China’s shopping centre and street shop landlords offer rental discounts to contain retail space vacancies, supply pressure
- The vacancy rate of prime retail space in Shanghai stood at 7.6 per cent at the end of June, while Beijing recorded 8.1 per cent in the same month
- Guangzhou’s retail space vacancy rate reached 9.7 per cent in June, while southern tech hub Shenzhen posted a 4.8 per cent rate in the same period
Landlords of shopping centres and street shops in China’s major cities are now increasingly offering rental concessions to avert higher retail space vacancies amid sluggish consumer spending.
Retail spaces located in non-central business district areas will find it difficult to maintain tenants or lure new brands in the second half of this year because many companies prefer prime locations, where strong foot traffic can be guaranteed, according to property service firm JLL.

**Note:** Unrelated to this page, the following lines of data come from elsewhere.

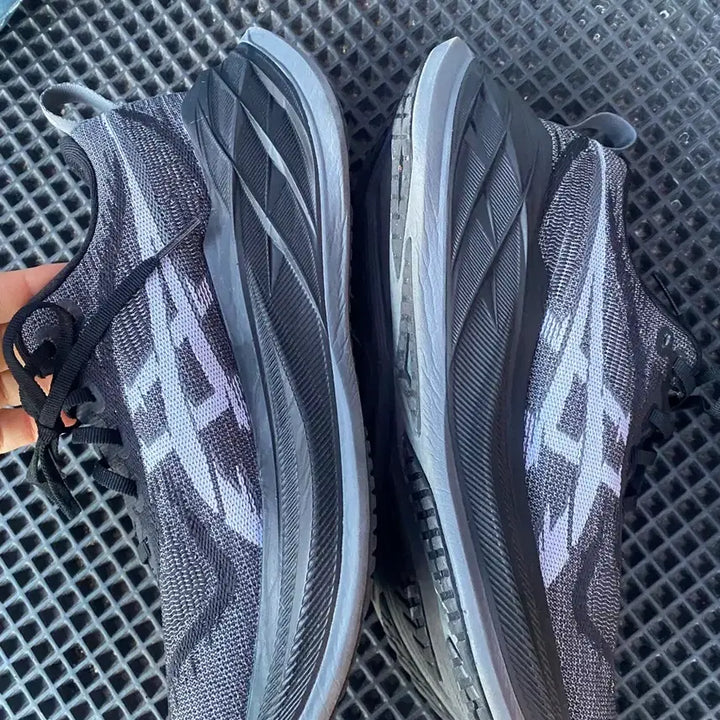 [BUNJANG] Superblast 2 Sneakers / 슈퍼블라스트2 255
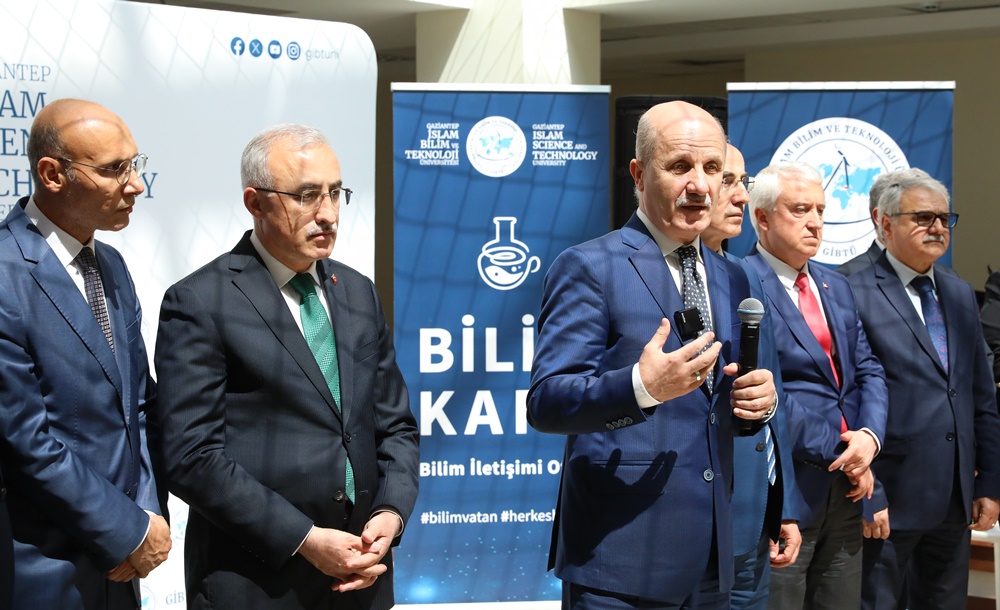 CoHE President Özvar Kicks Off Science Café Meetings in Gaziantep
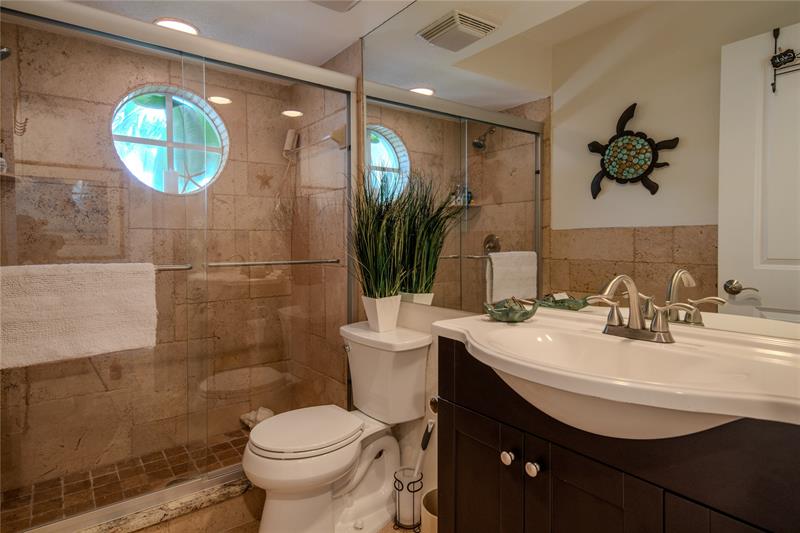 Image 35 of 39 For 4360 Camrose Ln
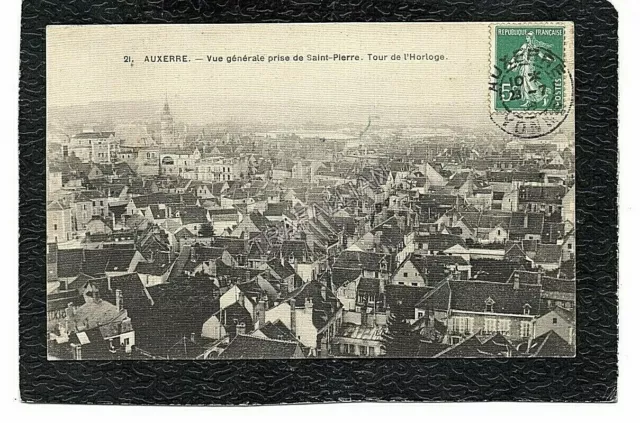 CPA 89 AUXERRE - Vue générale prise de Saint-Pierre - Tour de l'Horloge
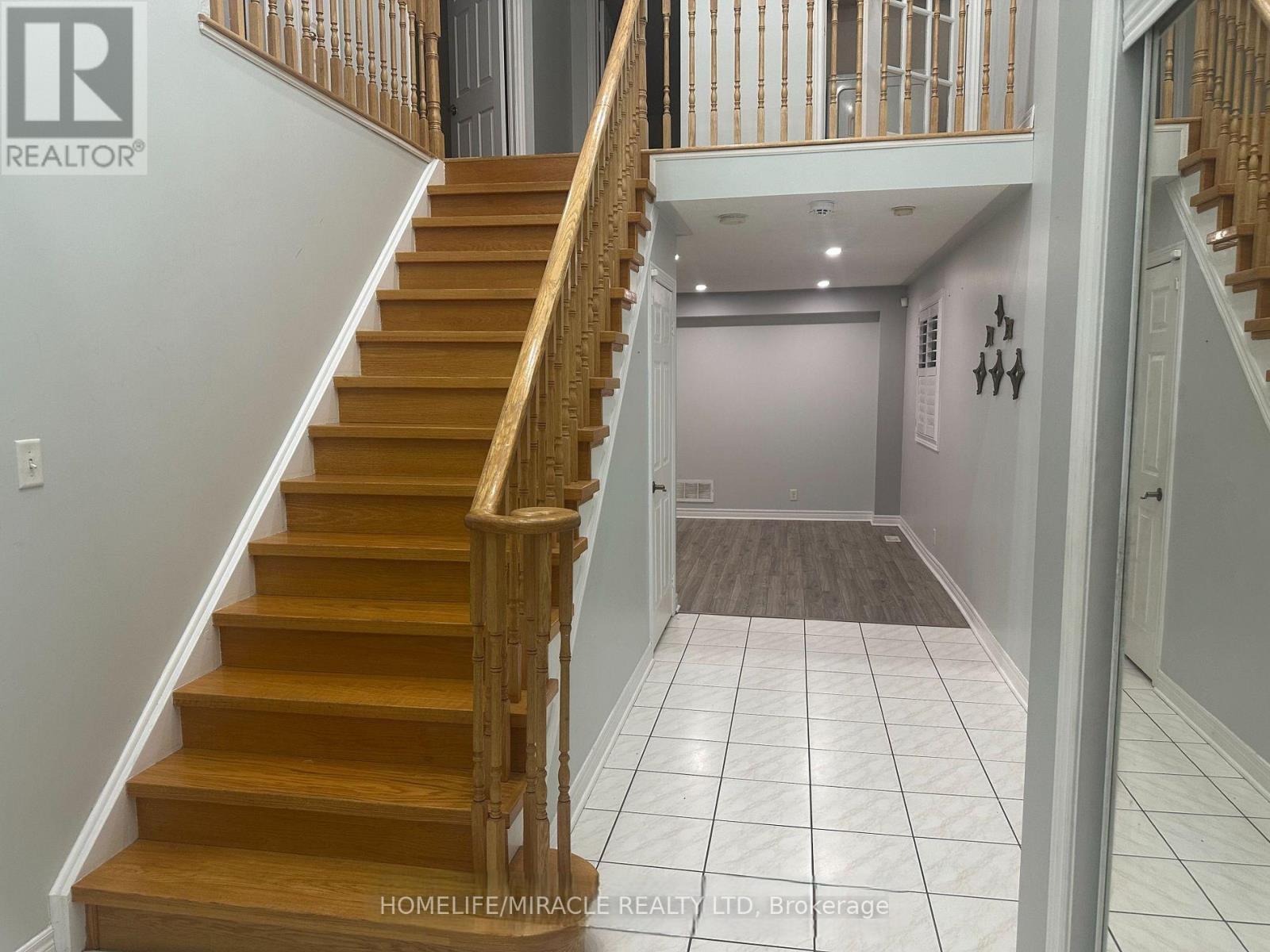 10 Pertosa Drive, Brampton, Ontario  L6X 4V7 - Photo 9 - W12670250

“Decentralised shopping malls do face pressure [to retain tenants],” said Neo Huang, head of retail agency leasing business for JLL East China. “Owners and managers are supposed to add some lustre to their projects via meticulous design and deco, so that their malls can become attractive to brands.”

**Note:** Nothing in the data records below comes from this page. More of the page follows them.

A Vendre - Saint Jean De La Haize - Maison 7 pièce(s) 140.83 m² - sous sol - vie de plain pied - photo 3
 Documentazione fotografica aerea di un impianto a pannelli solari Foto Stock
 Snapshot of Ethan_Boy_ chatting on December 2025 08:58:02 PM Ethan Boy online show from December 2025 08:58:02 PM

Shanghai’s retail spending in the first six months of 2023 grew 23.5 per cent year on year to 937.8 billion yuan (US$130.6 billion), the local statistics authorities announced on Thursday.
“There are bad signs that some retail brands are looking to cut their rental costs by reducing the number of outlets or cutting the size of shops,” said You Liangzhou, who owns property agency Baonuo in Shanghai. “The bearish outlook for the commercial real estate market will force some landlords to offer discounts on rents.”

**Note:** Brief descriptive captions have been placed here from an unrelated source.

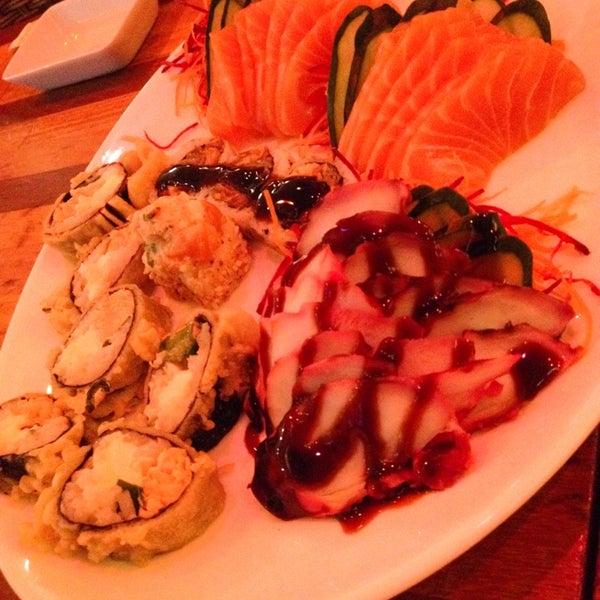 Foto tomada en Wasabi Sushi  por Leonardo N. el 5/11/2014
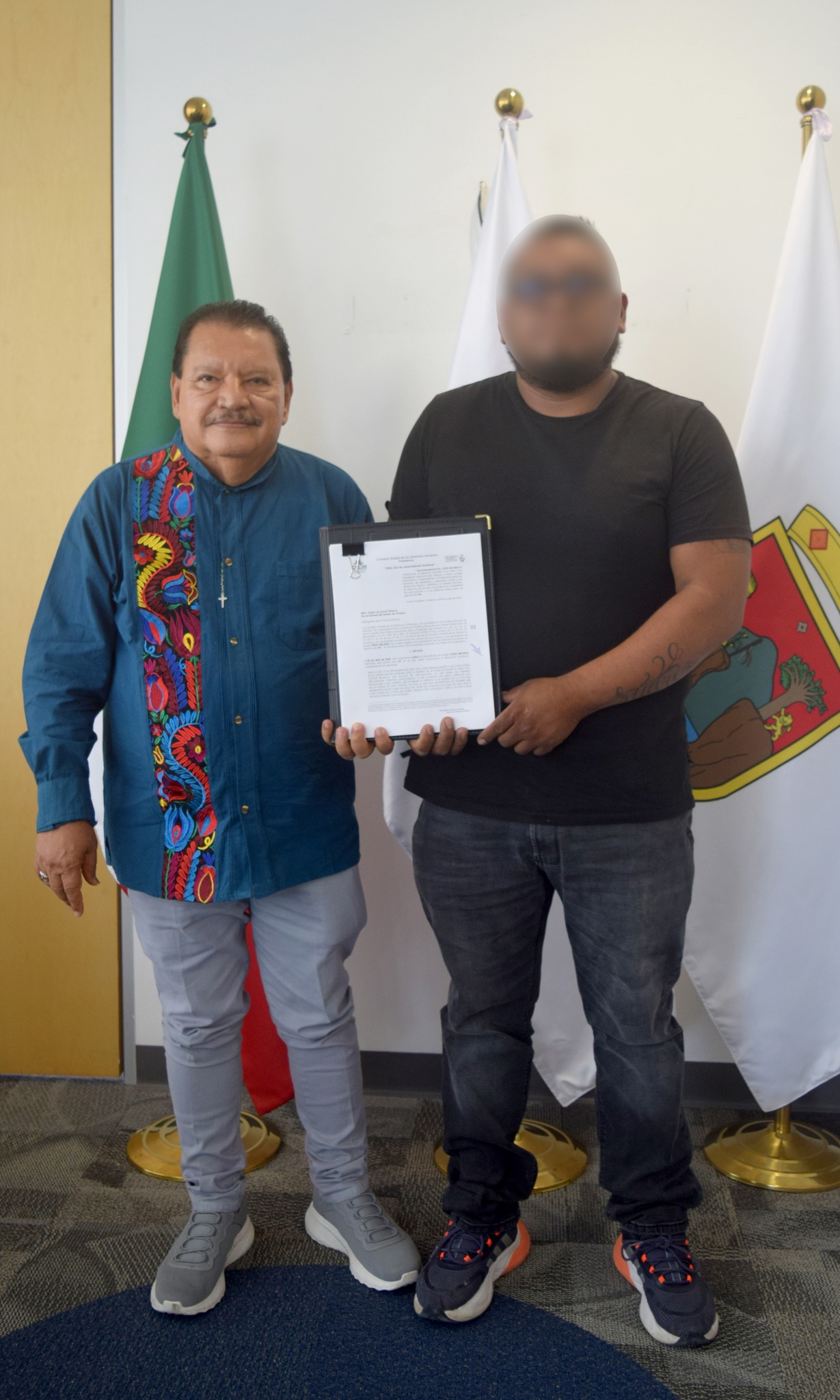El Presidente de la Comisión Estatal de los Derechos Humanos, Mtro. Horacio Culebro Borrayas, sostuvo una reunión en sus oficinas con la Directora General del Centro de Estudios Universitarios del Sur y Sureste (CEUSS)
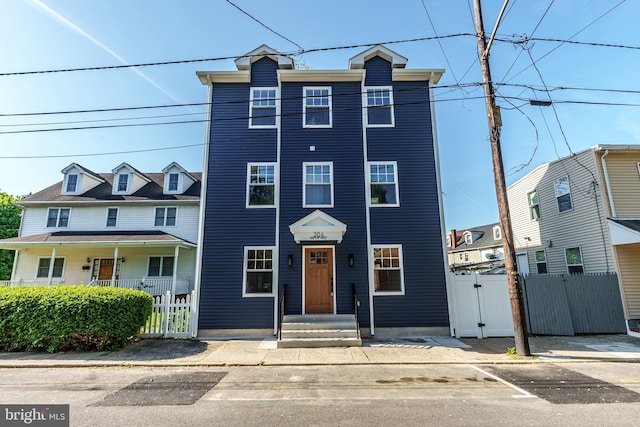 204 Barclay St, Burlington, NJ 08016 - townhome / multi-family property featuring fence and a gate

In the second half this year, Shanghai will see a fresh supply of about 500,000 square metres of prime retail space, nearly tenfold the new space of 53,000 sq metres recorded from January to June, according to CBRE.
In June, retail sales growth across the nation fell 3.1 per cent year on year. That was down from an 18.4 per cent increase in April and 12.7 per cent in May.
Zhou Shiyu, a senior official at Shanghai Join Buy, one of the city’s biggest commercial property owners, said landlords are planning for rainy days because some underperforming brands are likely to close down their shops in the coming two or three quarters.
“Landlords are giving priority to retain existing tenants by offering rental concessions,” he said. “It is time to play defensively.”
JLL’s Huang said sportswear and sports equipment brands, skincare and perfume brands, emerging designer fashion brands, electric vehicle makers and smart home device retailers are still pursuing prime retail space, despite the slowing economy.